Bubbles have what is called a "critical radius", below which they will collapse, and above which they will expand. The goal of hyperbaric treatment with regards to bubbles, is to compress them to a size below that critical radius, so that they will collapse, and the gas contained in them will return to solution. (Gas in bubbles is not gas in solution.). So the answer to BOTH of your first questions is yes; bubbles are compressed and get smaller and may stop causing embolic symptoms, and the gas in them may return to solution as a result of treatment.

And yes, bubbles will eventually resolve, even without treatment at all. The problem is that the damage they cause by interrupting circulation may become permanent in the interim.
 
To further help you understand as well. Those bubbles are generally nitrogen.

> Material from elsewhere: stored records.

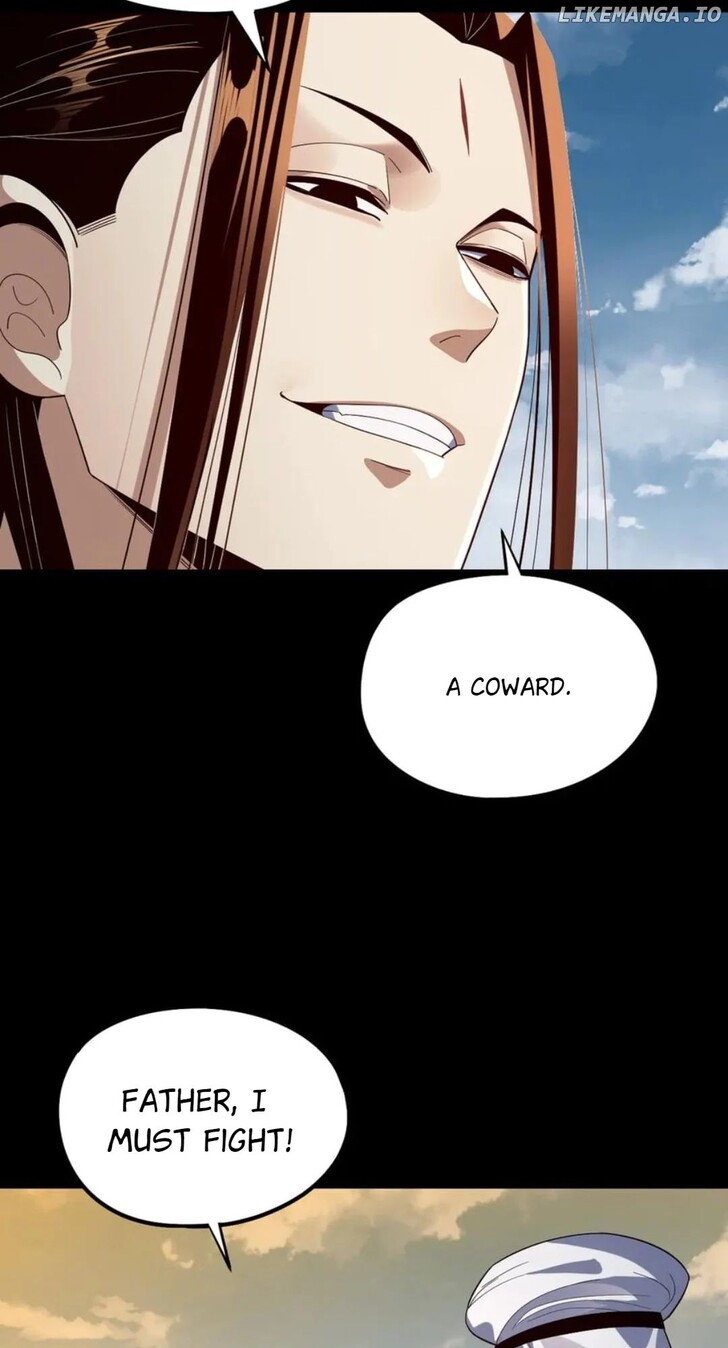 Read I Am the Fated Villain Manga Online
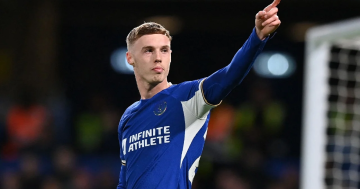 โคล พาลเมอร์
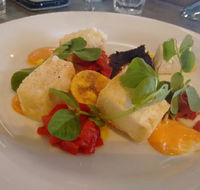 Manly Village Fish Cafe - Click Find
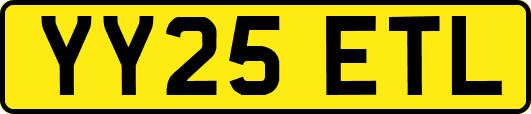 YY25ETL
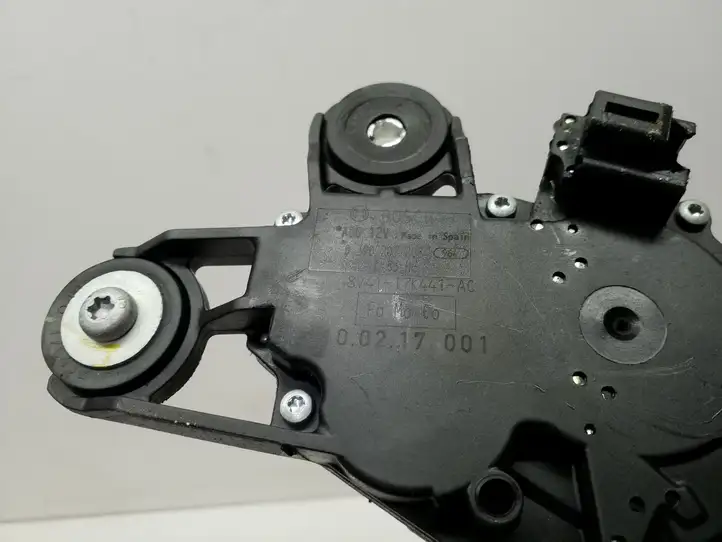 Ford Kuga I (2008 - 2012) 8V4117K441AC Двигатель стеклоочистителя заднего стекла — фото 5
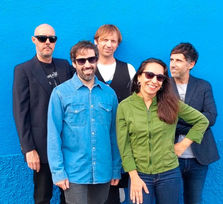 'Efecto Laguna' - Sumergible 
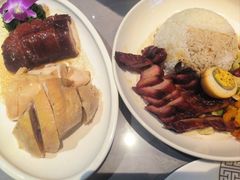 -粤陸玖玖·港式手作茶餐厅(珠江路店)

Since the query was about embolism, wouldn't the bubble in that case be air and not nitrogen?
 
Since the query was about embolism, wouldn't the bubble in that case be air and not nitrogen?
The gas in bubble for AGE is predominantly nitrogen. The composition of air is 79% nitrogen, 20% oxygen, and 1% other gasses. Under pressure you have nitrogen dissolving into the blood. The amount of nitrogen dissolving also is time dependent, the longer you are at depth the more your nitrogen load. The ambient pressure not only drive the gas to dissolve into you blood but keeps,the bubbles from forming. But, as you ascend from your dive the ambient pressure drops which allows the dissolved nitrogen to start forming bubbles.

You limit the risk by limiting depth (pressure), time (limits amount gas to dissolve) and slow ascent rate (allows gas to come out solution without forming bubbles). It is also why you spend time in between dives to "off gas."
 
Plus O2 can be absorbed readily by your red blood cells and tissues.
Nitrogen is inert in your body, O2 is not.
 
Worth pointing out that embolists get treated as foreign bodies and the thought is/was that the nittrogen bubble can "helpfully" be covered to the point that the internal space is not longer nitrogen but the shape is still there.

Where that line of research currently stands though..
 
Here is why I suggested that the gas in an AGE would be air, not nitrogen.

Diving Science is a book written by Michael Strauss, MD, and Igor Aksenov, MD, PhD. Both authors have excellent credentials in the field of hyperbaric medicine. On page 24, Diving Science says (emphasis mine):

... arterial gas embolism, which is a medical condition in which air bubbles introduced into arteries block their circulation (see chapter 15).

In chapter 15, under the heading of Arterial Gas Embolism, on page 294, Diving Science says:

Arterial gas embolism results when air-carrying structures (alveoli and bronchial tubes) rupture explosively from sudden overexpansion. ... Free air then enters the lung circulation and is carried to the left side of the heart, where it is pumped into the arterial circulation. Once free air enters the bloodstream, the results can be catastrophic, as noted in figure 15.3. The air forms boluses or emboli. The emboli are too large to pass through small blood vessels and thus act as obstructions just as a cork would in a pipe that progressively narrows.

Having read the book, I am confident that these guys know the difference between air and nitrogen.

This is not to say that nitrogen can't in some cases cause AGE, but my understanding is that the main cause is an overexpansion injury that results in air entering the blood stream, not nitrogen coming out of solution.